**WHAT TO PRODUCE**
Search the data below, and report every line in which "Long" occurs.

**EXTRACTED INFORMATION**
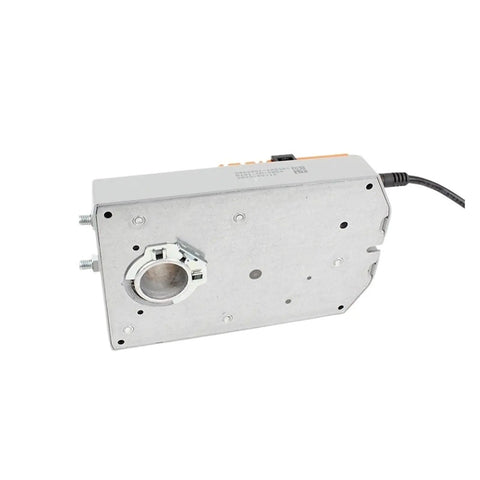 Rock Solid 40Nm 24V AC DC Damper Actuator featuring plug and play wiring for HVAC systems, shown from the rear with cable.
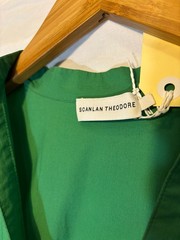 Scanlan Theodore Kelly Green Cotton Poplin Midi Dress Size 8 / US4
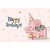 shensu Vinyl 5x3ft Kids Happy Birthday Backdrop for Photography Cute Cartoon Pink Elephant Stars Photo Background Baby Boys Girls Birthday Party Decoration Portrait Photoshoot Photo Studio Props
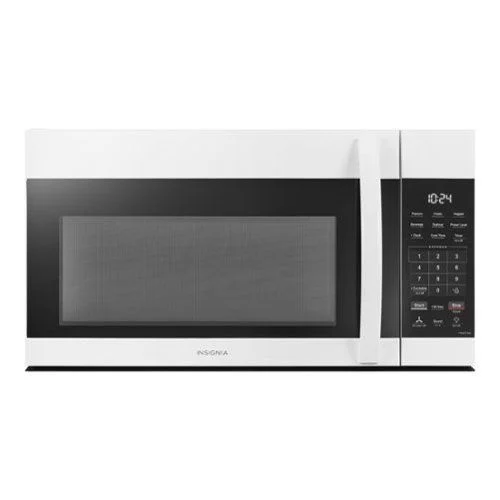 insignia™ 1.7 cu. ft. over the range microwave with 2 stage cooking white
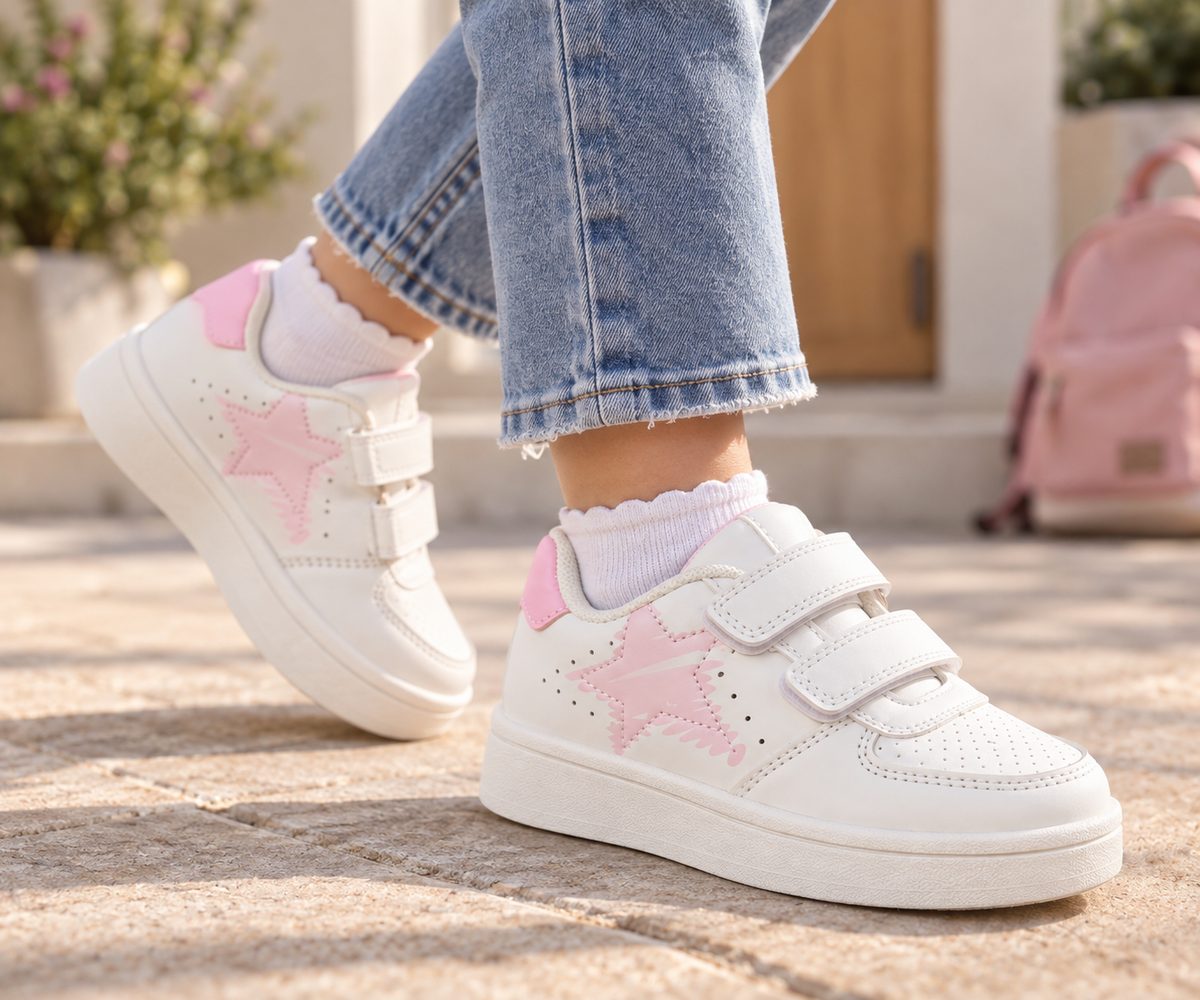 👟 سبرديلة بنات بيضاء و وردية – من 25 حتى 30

* * *

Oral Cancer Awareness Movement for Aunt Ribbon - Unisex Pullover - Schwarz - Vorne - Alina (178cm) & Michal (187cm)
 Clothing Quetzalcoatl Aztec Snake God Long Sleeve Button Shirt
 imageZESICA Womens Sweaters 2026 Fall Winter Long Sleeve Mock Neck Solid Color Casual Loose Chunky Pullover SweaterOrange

...

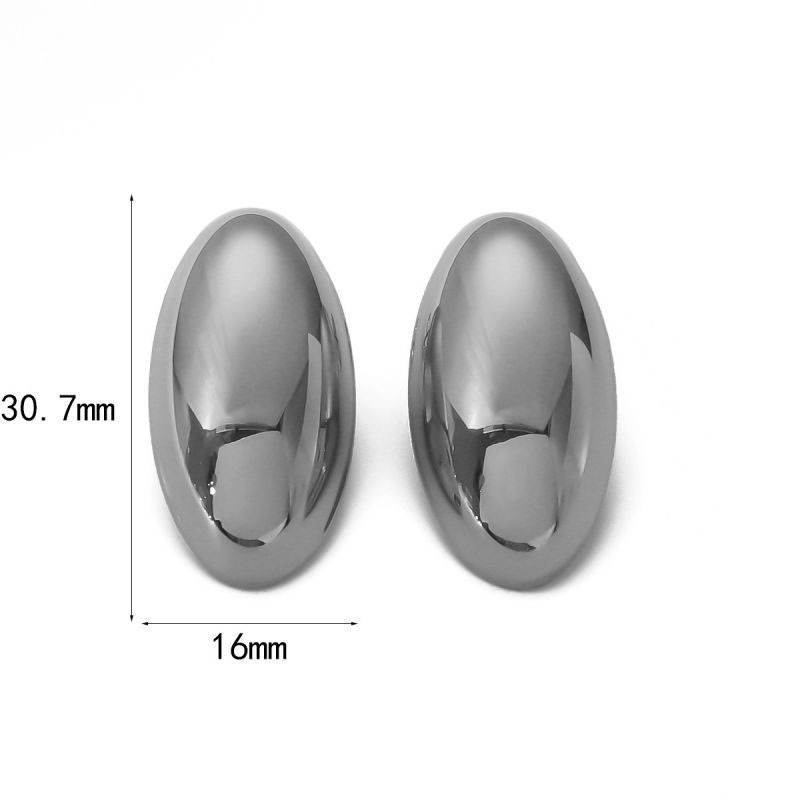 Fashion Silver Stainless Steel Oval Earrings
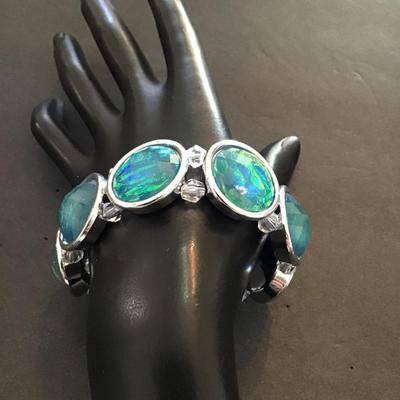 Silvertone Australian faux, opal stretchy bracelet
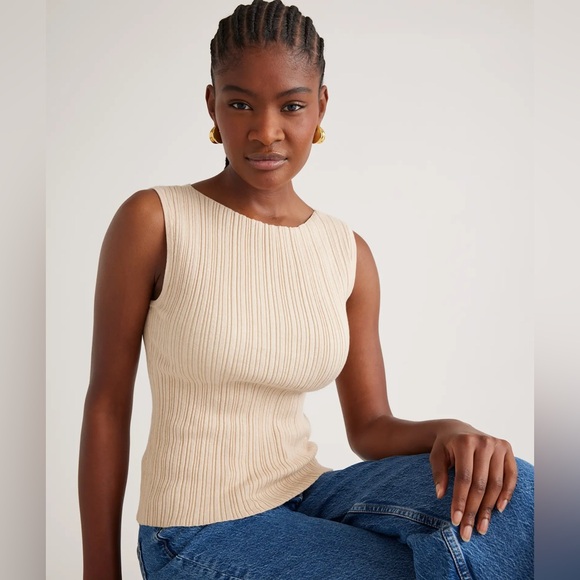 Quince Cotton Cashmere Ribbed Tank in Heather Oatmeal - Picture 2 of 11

**WRITTEN ANSWER**
 Clothing Quetzalcoatl Aztec Snake God Long Sleeve Button Shirt
 imageZESICA Womens Sweaters 2026 Fall Winter Long Sleeve Mock Neck Solid Color Casual Loose Chunky Pullover SweaterOrange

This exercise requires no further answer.